▶ **Data supplied**:
____________

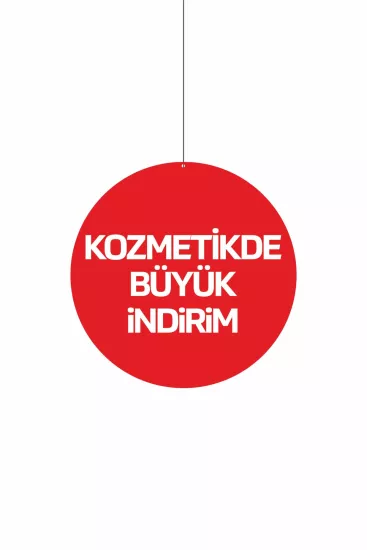 Kozmetikte Büyük İndirim Mağaza Reyon Dönkartı | Zajabaskı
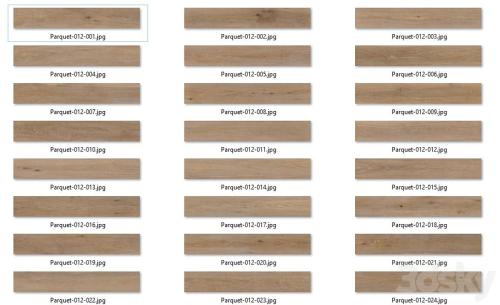 Parquet set 12 / Natural Oak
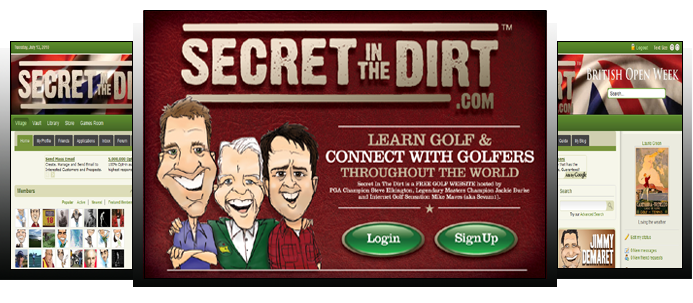 Toronto Web Design for Secret In The Dirt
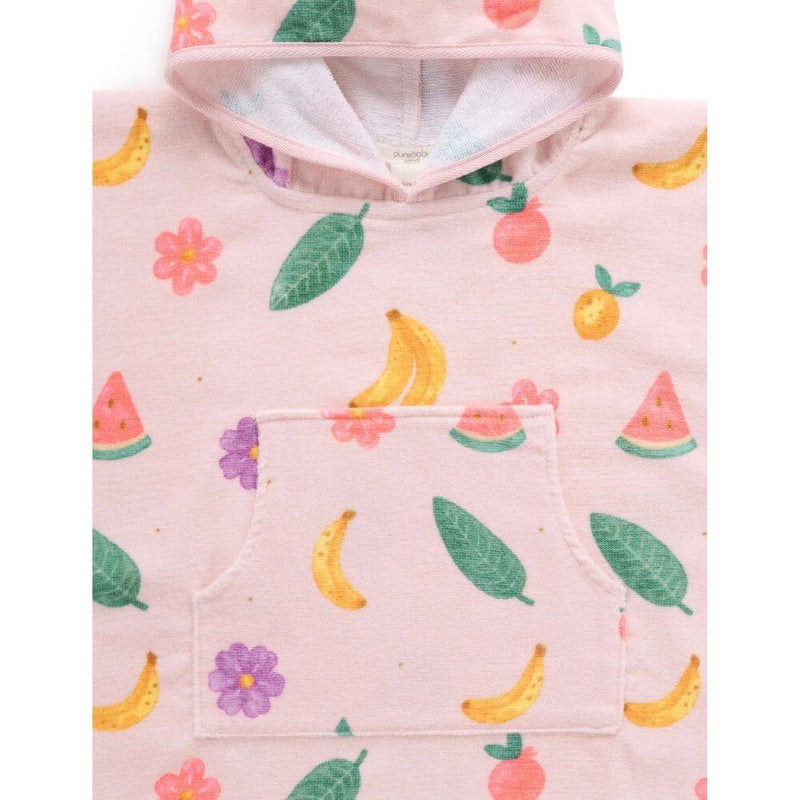 Purebaby Tropical Fruit Towelling Poncho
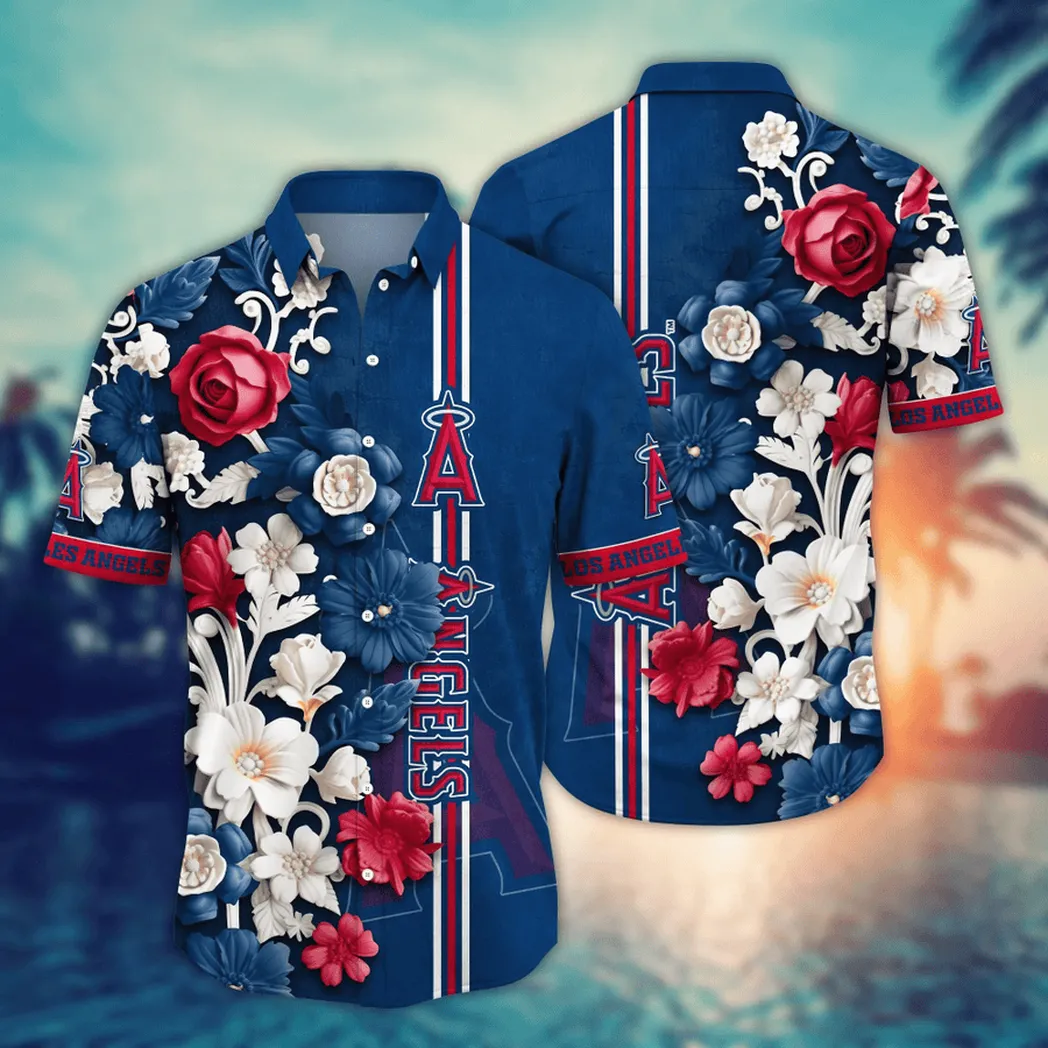 Los Angeles Angels MLB Flower Aloha Hawaiian Shirt, Summer Football Shirts VPHWA2451154960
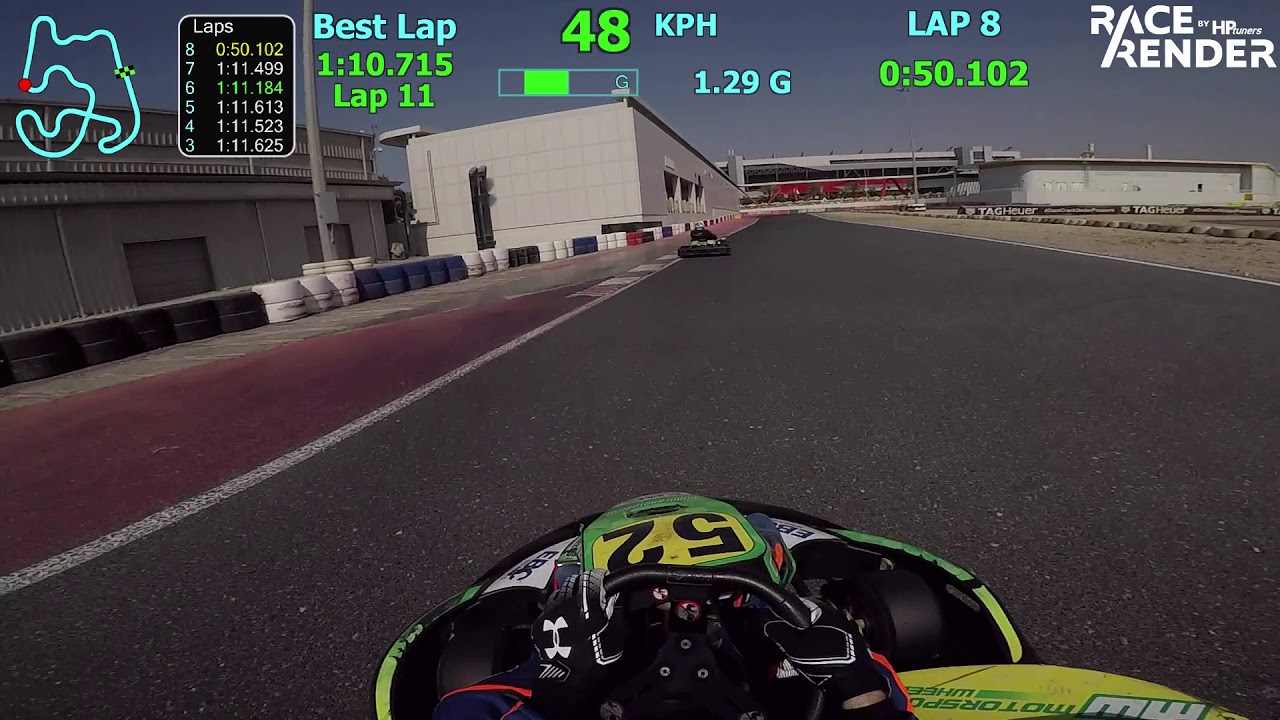 Dubai Kartdrome Outdoor RX8 rental practice 110.715 YouTube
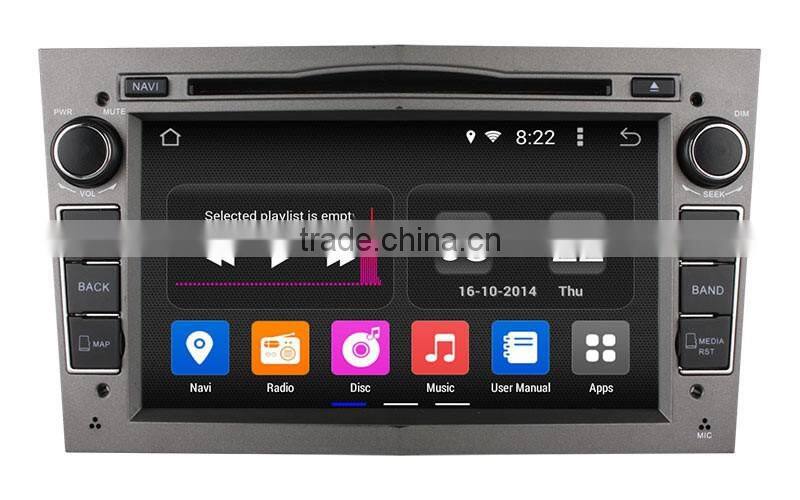 7" quad core RK3188 android 4.4 up to 5.1 radio player for Opel Astra Vectra Corsa Zafira Built in Canbus BT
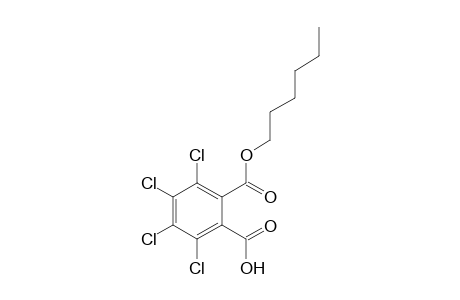 tetrachlorophthalic acid, monohexyl ester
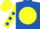 Royal Blue, Yellow disc, Yellow sleeves, Royal Blue spots, Yellow cap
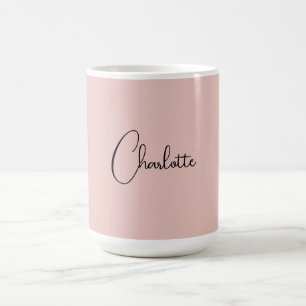 Minimalistische Kalligrafie Script Name Rose Gold Kaffeetasse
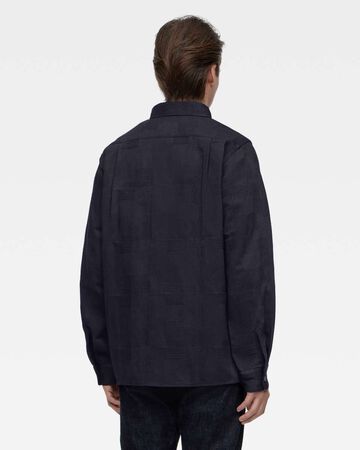 INDIGO JACQUARD SHIRT,Indigo, small image number 2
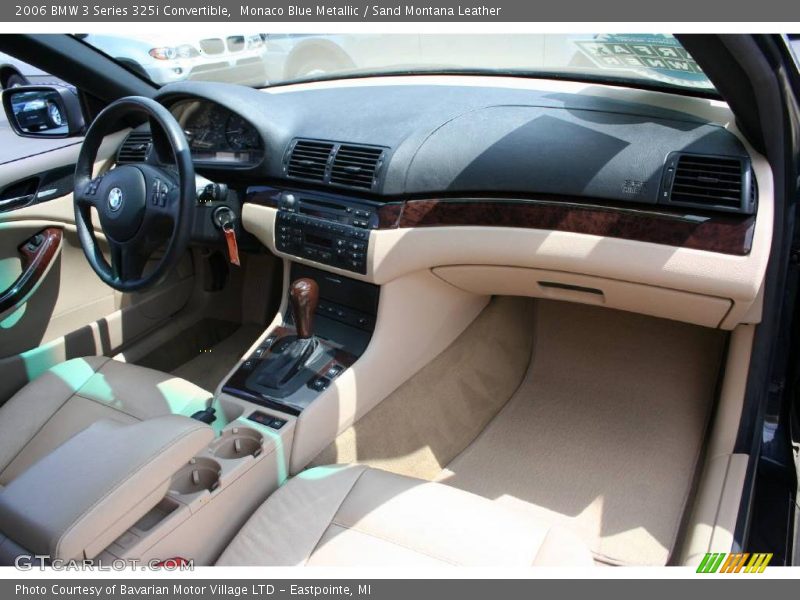 Monaco Blue Metallic / Sand Montana Leather 2006 BMW 3 Series 325i Convertible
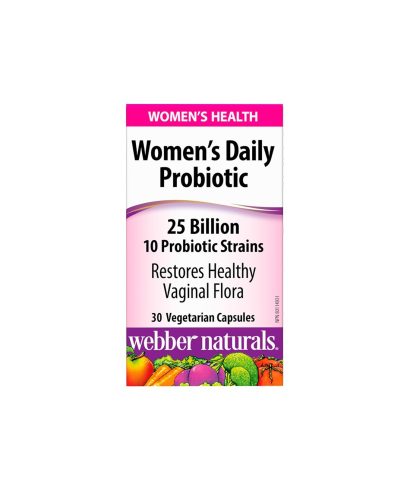 Women’s Daily Probiotic - Пробиотик за Жени 25 млрд. активни пробиотици, 10 щама, 30 капсули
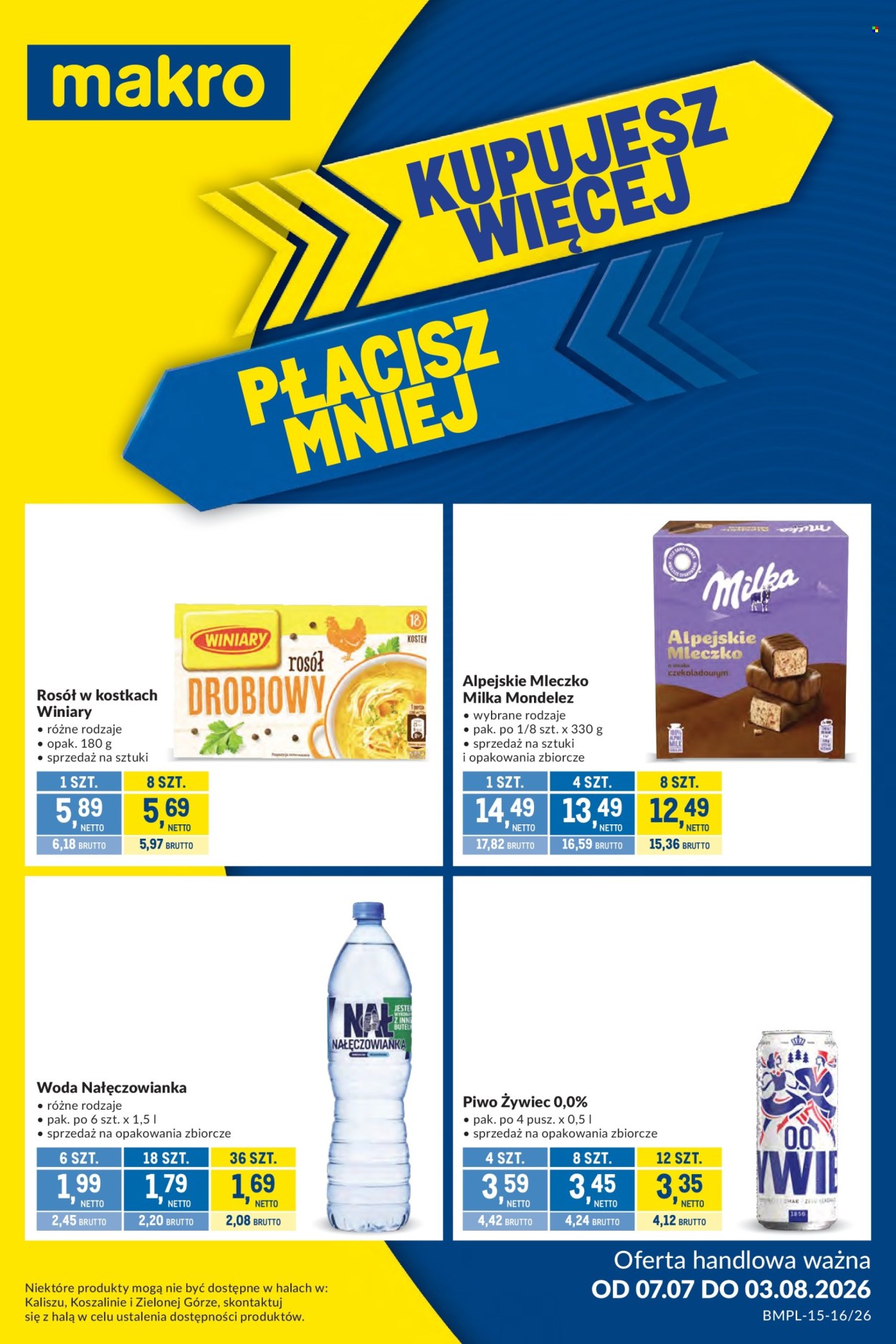 Gazetka Makro - 7.7.2026. - 3.8.2026.. Strona 1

____________

▶ **Required action**: Give back each entry exactly as it appears. Leave pictures out.

▶ **The answer**:
 Kozmetikte Büyük İndirim Mağaza Reyon Dönkartı | Zajabaskı
 Parquet set 12 / Natural Oak
 Toronto Web Design for Secret In The Dirt
 Purebaby Tropical Fruit Towelling Poncho
 Los Angeles Angels MLB Flower Aloha Hawaiian Shirt, Summer Football Shirts VPHWA2451154960
 Dubai Kartdrome Outdoor RX8 rental practice 110.715 YouTube
 7" quad core RK3188 android 4.4 up to 5.1 radio player for Opel Astra Vectra Corsa Zafira Built in Canbus BT
 tetrachlorophthalic acid, monohexyl ester
 Royal Blue, Yellow disc, Yellow sleeves, Royal Blue spots, Yellow cap
 Minimalistische Kalligrafie Script Name Rose Gold Kaffeetasse
 INDIGO JACQUARD SHIRT,Indigo, small image number 2
 Monaco Blue Metallic / Sand Montana Leather 2006 BMW 3 Series 325i Convertible
 Women’s Daily Probiotic - Пробиотик за Жени 25 млрд. активни пробиотици, 10 щама, 30 капсули
 Gazetka Makro - 7.7.2026. - 3.8.2026.. Strona 1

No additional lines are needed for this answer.